Every year in the settlement, the Slavs and Vikings festival takes place. Its idea refers to the Scandinavian legend from “de Jómsvikingasaga” about a fortified city of warriors. The festival takes place usually at the beginning of August. The first one was organized in 1993. After two years pause, it returned in 1996 and since then has been organized every year till this day. Apart from warriors and craftsmen, also historical reenactment groups and enthusiasts of the Slavic and Viking cultures from all European countries as well as from Canada or Australia arrive at Wolin for the festival.
The later history of West Pomerania is connected with the monuments of the Christian culture, many of which are very well preserved, stately and sumptuous because the cities where they are located used to belong to the Hanseatic League – the confederation of wealthy trade towns.
Passing through the area of the West Pomeranian Voivodeship is the European Route of Brick Gothic – the European tourist route connecting over 30 cities with the most interesting Brick Gothic monuments in seven Baltic states, including several in Poland. In West Pomerania, the route includes: Kołobrzeg, Koszalin, Szczecin, Stargard Szczeciński and Sławno.

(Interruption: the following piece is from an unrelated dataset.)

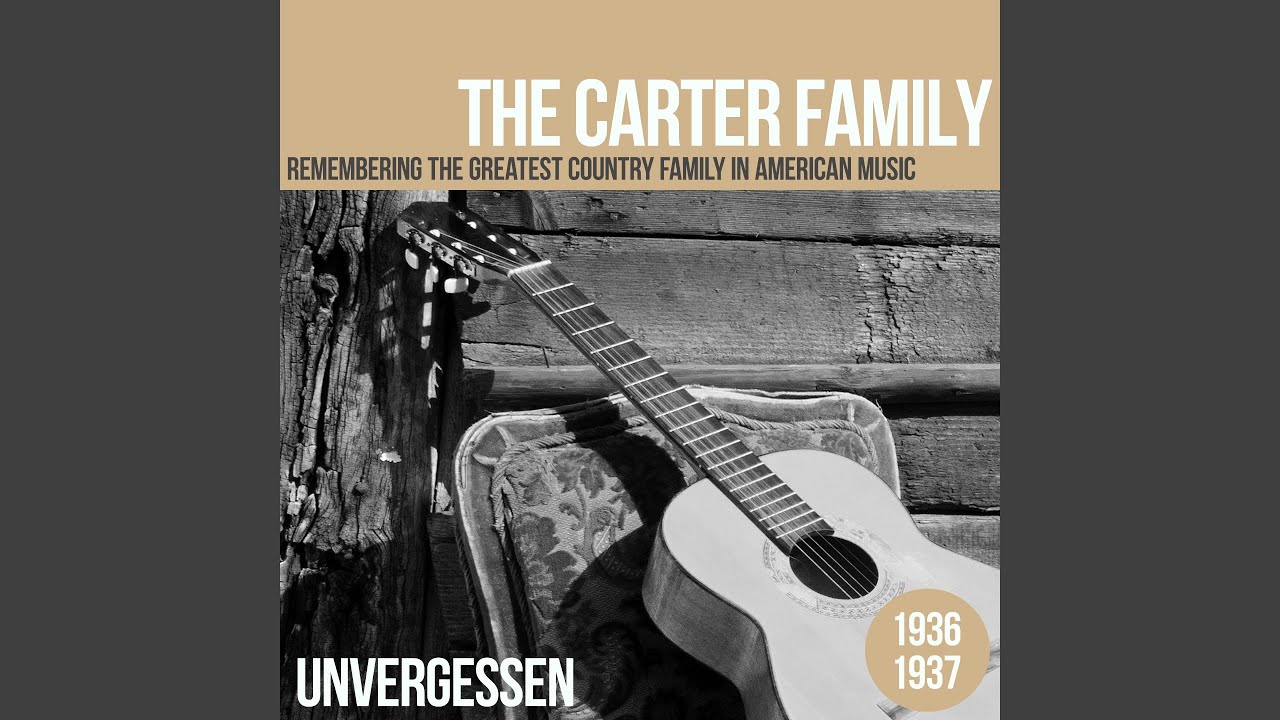 In The Shadow Of Clinch Mountain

Among Gothic churches, basilicas, town halls and towers, there are monuments unique not only in Poland, but also in Europe. The cathedral basilica of St. James the Apostle is the second highest religious edifice in Poland. Many Gothic monuments remain in Stargard Szczeciński called the Jewel of Pomerania. Those include several towers, three gates, of which the most beautiful is the Pyrzyce Gate, the town hall and churches, of which the Church of the Virgin Mary, Queen of the World, is considered the most beautiful Gothic church in Poland and the most precious Brick Gothic monument in Pomerania. Of the unique value are the Church of Our Lady and town gates in Sławno as well as the Basilica of Assumption of the Blessed Virgin Mary and the Lontowa Tower in Kołobrzeg.
Another route passing through West Pomerania is the Camino de Santiago. It is the international route, marked with the yellow shell on the blue background, which passes through the whole Europe leading to the Spanish town Santiago de Compostela – to the tomb of the apostle St. James the Great. The route is about 400-kilometers long and passes through almost 100 localities in West Pomerania.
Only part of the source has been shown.